International law implications

International law forbids any arbitrary deprivation of nationality. According to the 1961 Convention, no State may deprive ‘any person or group of persons of their nationality on racial, ethnic, religious or political grounds’. However, articles 5–9 of the 1961 Convention prescribe range of principles for withdrawal of nationality, particularly the deprivation of nationality to serve a legitimate purpose. In relation to the deprivation as an external act, the international law impacts the rights and interests of other States. In the context of the UK, such deprivation of citizenship impacts the rights and interests of other States in the context of deportation, refusal and re-admission, prosecution of international crimes and application for protection abroad.  This part of the essay focuses on the external act of deprivation and criticizes how in each case the UK’s decision to deprive nationality is problematic under international law.

This must also be seen in connection with the International Law Commission’s (ILC) Draft Articles on the expulsion of aliens, whereby article 9 prescribes for the ‘deprivation of nationality for the sole purpose of expulsion. A State shall not make its national an alien, by deprivation of nationality, for the sole purpose of expelling him or her.’  In the Commentary, the ILC noted that ‘deprivation of nationality, insofar as it has no other justification than the State’s desire to expel the individual, would be abusive, indeed arbitrary within the meaning of article 15, paragraph 2, of the Universal Declaration of Human Rights.’  However, it is to be noted that the article does not intervene in the operation of any national legislation for the deprivation of nationality.

This is further affirmed in the General Comment on article 12 of the International Covenant on Civil and Political Rights (ICCPR), where the Human Rights Committee noted that the right to enter one’s own country is more than a concept of nationality.

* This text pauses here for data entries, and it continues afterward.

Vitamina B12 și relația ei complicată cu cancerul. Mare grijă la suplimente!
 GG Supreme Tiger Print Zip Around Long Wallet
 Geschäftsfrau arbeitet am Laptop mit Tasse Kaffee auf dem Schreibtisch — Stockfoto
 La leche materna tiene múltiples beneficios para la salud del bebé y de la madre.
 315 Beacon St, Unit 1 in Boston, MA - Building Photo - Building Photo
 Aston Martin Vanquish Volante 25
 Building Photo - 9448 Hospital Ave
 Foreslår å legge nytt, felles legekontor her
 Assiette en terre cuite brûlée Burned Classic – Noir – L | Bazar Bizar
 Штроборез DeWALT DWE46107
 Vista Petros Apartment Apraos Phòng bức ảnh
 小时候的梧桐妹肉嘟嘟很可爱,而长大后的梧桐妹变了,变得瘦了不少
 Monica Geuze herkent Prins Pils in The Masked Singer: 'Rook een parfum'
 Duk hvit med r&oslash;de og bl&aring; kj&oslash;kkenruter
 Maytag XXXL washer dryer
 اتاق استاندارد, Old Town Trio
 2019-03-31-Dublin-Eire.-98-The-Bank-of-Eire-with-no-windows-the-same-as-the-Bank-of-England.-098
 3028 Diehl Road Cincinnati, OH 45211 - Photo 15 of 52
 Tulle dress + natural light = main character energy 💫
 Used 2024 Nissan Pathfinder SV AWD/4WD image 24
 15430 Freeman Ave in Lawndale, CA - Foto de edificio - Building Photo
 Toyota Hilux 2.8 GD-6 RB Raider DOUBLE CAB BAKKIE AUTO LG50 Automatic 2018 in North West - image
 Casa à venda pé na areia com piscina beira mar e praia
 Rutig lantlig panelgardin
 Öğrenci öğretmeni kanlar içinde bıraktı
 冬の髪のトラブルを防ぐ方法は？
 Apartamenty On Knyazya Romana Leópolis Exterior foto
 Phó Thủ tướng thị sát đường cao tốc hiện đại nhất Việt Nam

General Comment No. 27 on the Freedom of Movement extended this view, noting that even if deprivation is possible, it will not put the individual outside the right to enter and reside in that country, as that is his ‘own country’.  In this context, the deprivation of nationality can be seen as an illegitimate act for a permanent deportation. However, in legal discourse, no State has the right to hand-wash its duties to the deportee, as his right to remain in the country would exist even after his nationality is deprived. However, in the real world, this has not been the case, because the border agencies have never allowed citizens whose nationality was deprived to re-enter the country.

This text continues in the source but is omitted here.